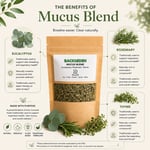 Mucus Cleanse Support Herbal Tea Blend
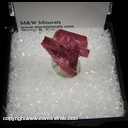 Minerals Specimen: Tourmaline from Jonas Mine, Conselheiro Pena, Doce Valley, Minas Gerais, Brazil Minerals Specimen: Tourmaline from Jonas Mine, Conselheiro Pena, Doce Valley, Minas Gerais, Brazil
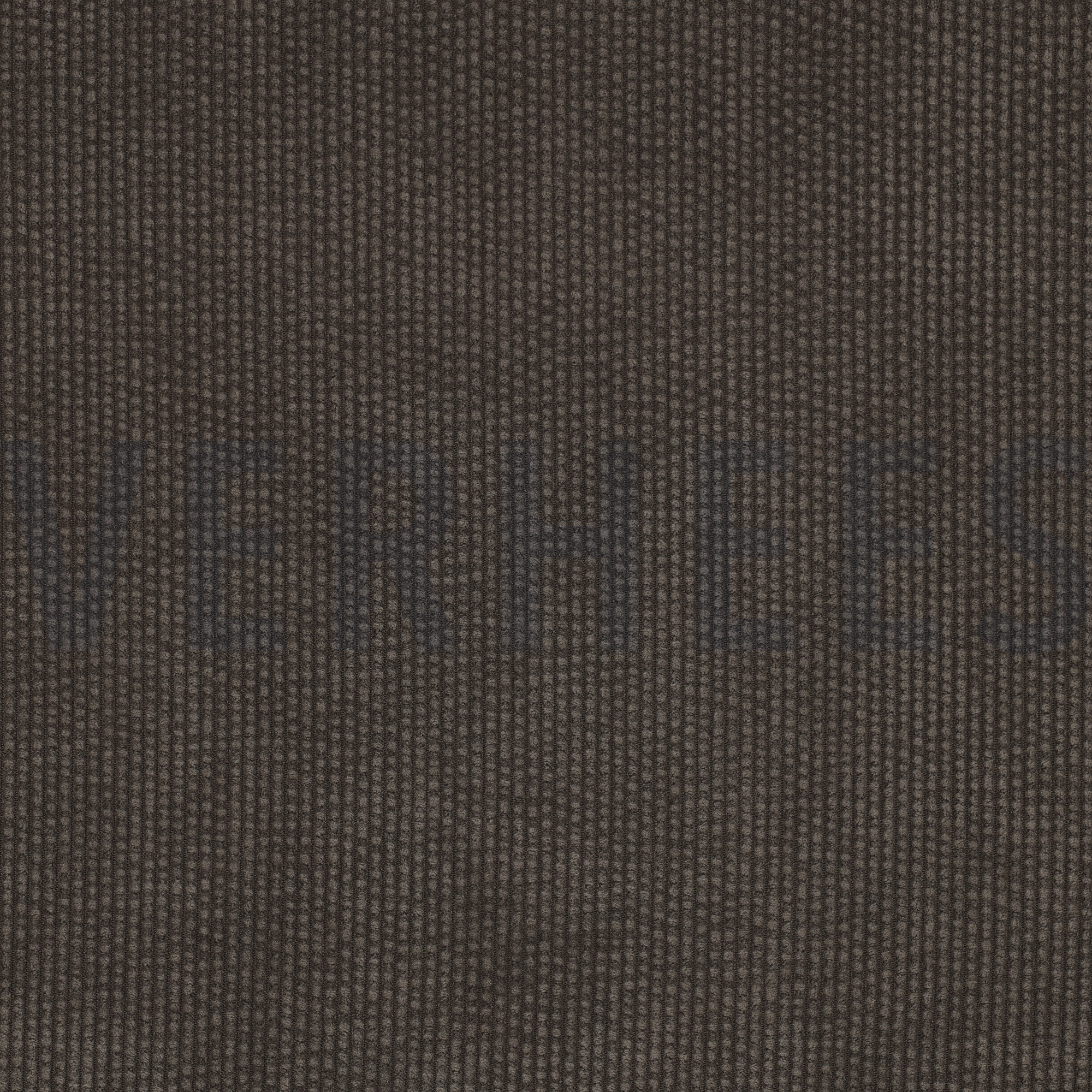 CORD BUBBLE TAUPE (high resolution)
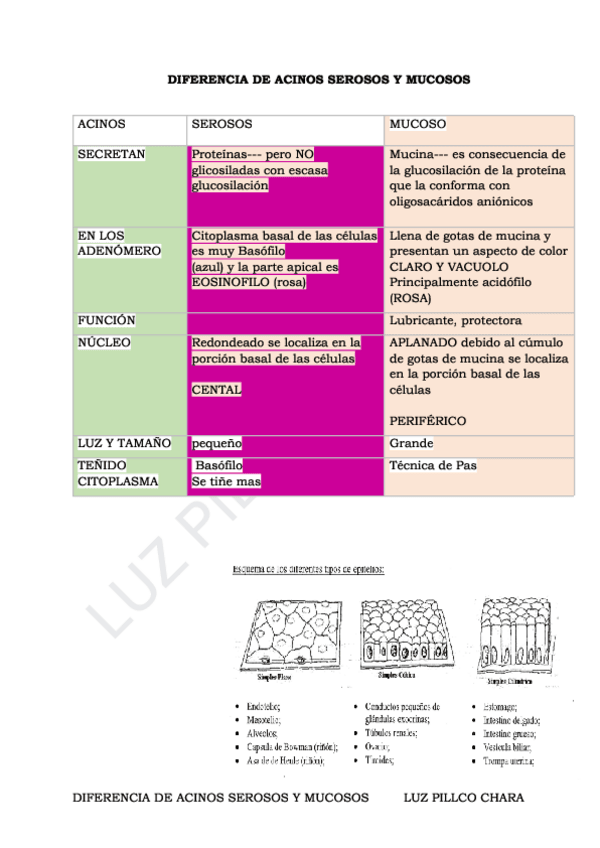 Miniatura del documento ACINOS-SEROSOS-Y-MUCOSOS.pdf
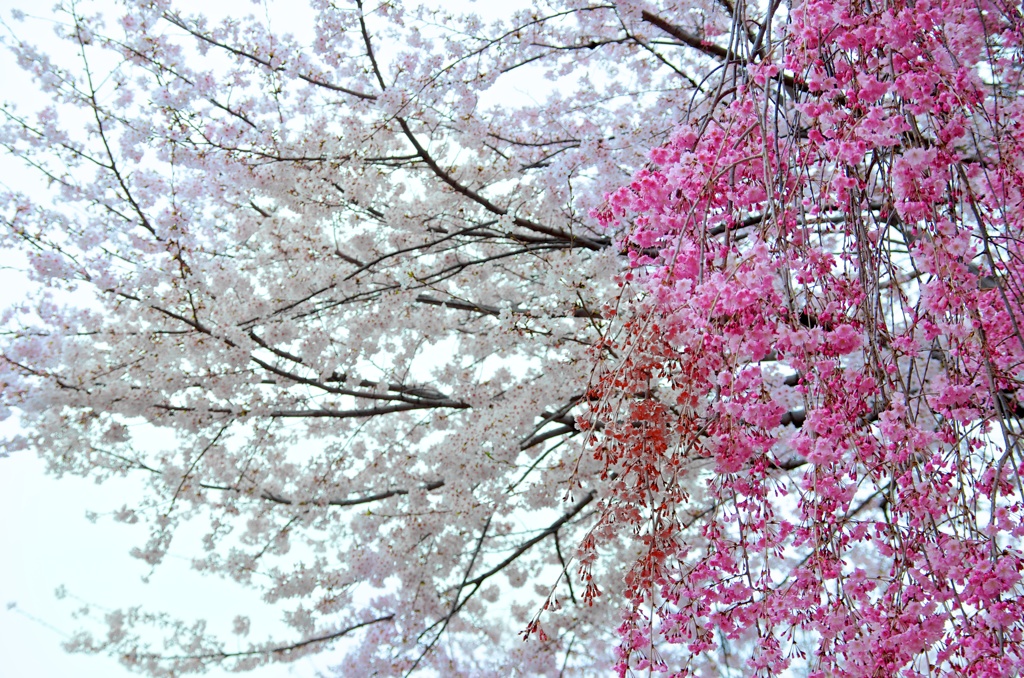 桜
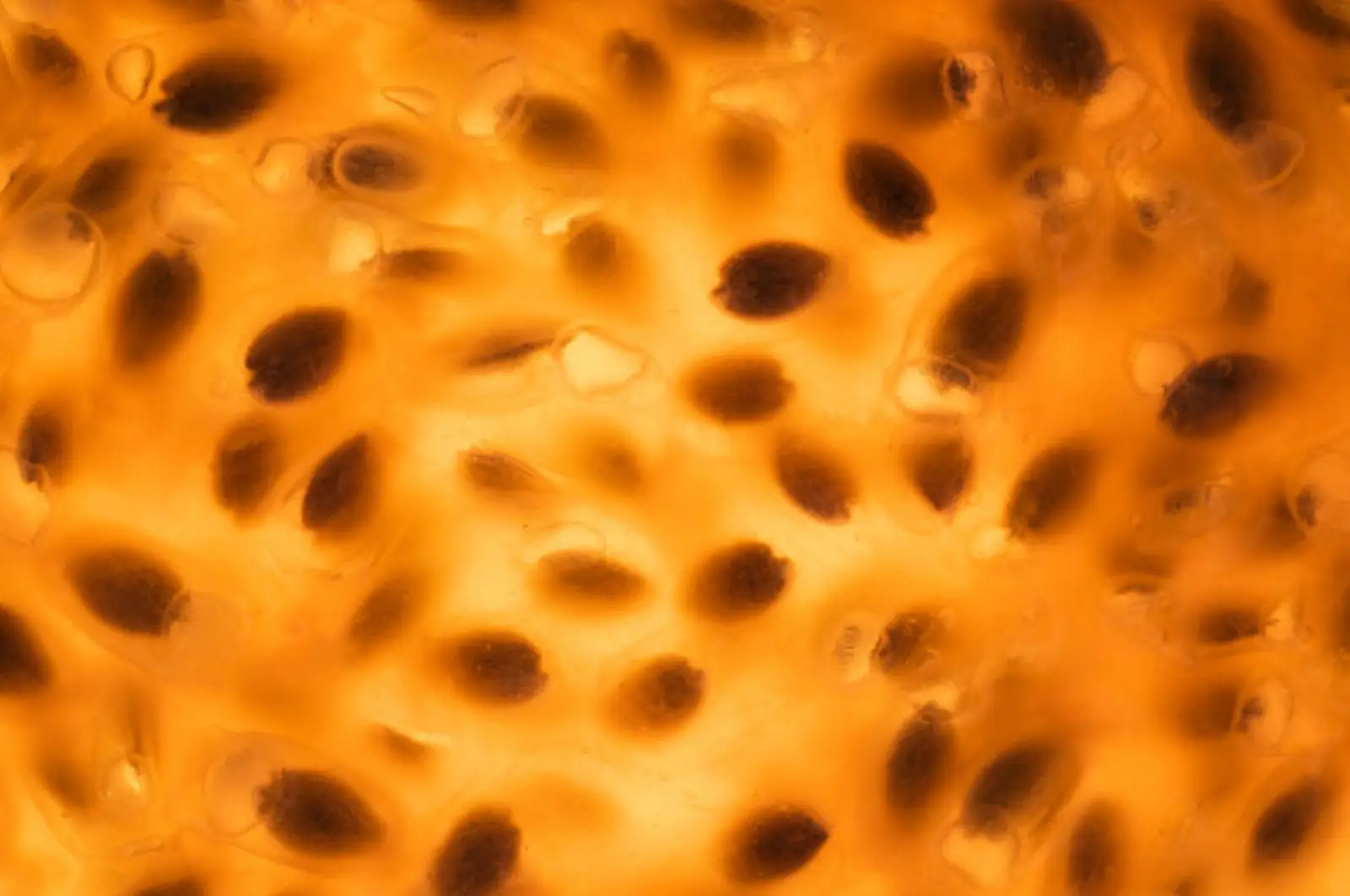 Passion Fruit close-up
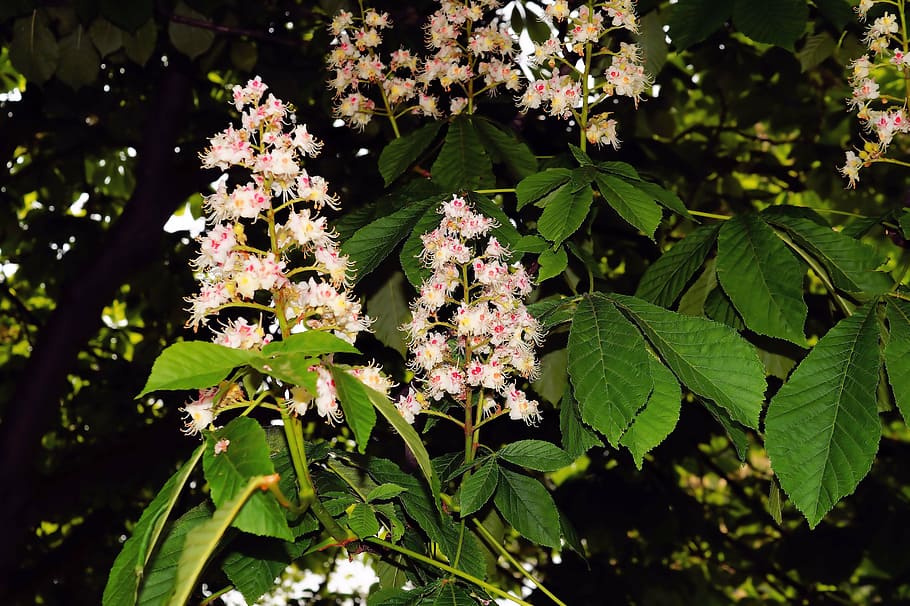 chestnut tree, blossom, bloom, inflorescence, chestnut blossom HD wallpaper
####
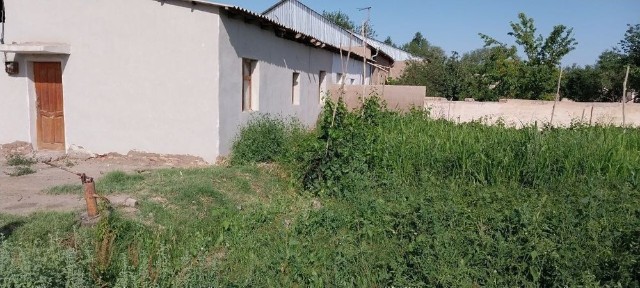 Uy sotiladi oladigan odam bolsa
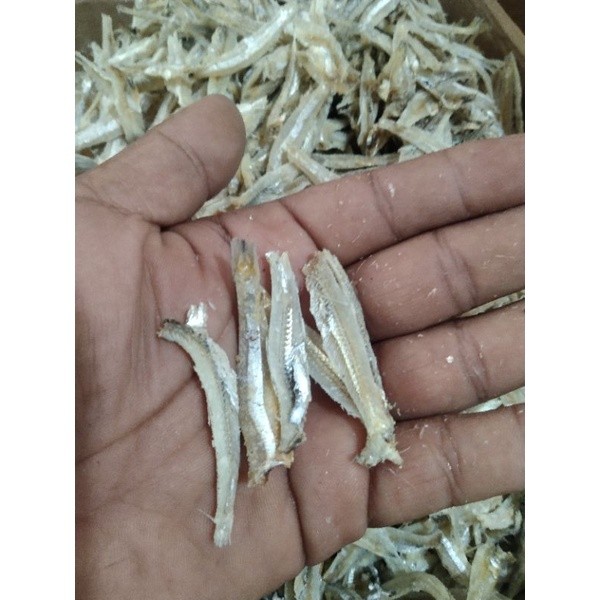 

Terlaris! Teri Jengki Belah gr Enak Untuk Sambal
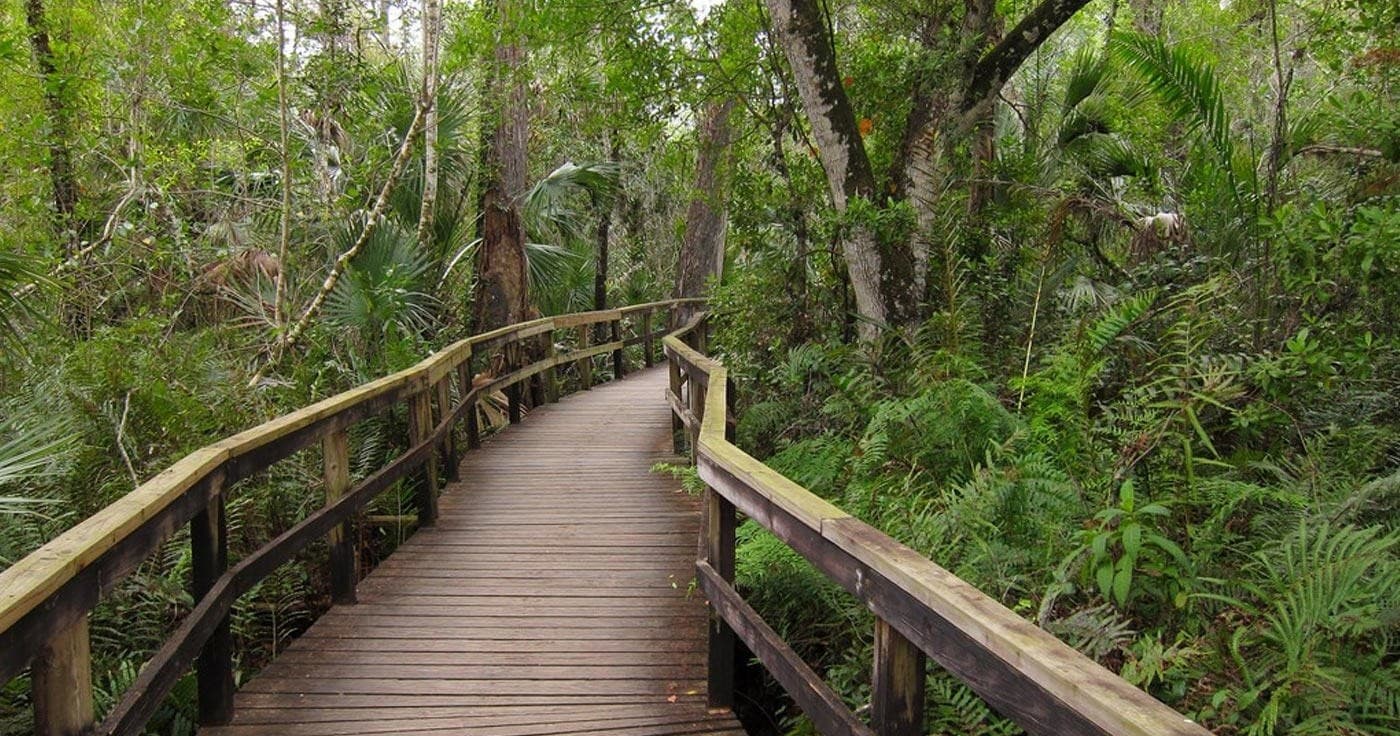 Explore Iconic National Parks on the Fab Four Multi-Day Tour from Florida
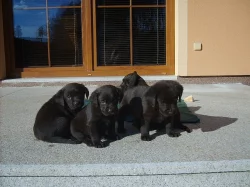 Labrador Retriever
####
Problem to solve
Give back the exact lines above, running from the one that has "Passion Fruit close-up" through the one that has "chestnut tree, blossom, bloom, inflorescence, chestnut", with nothing added and no pictures.

Result of the task
 Passion Fruit close-up
 chestnut tree, blossom, bloom, inflorescence, chestnut blossom HD wallpaper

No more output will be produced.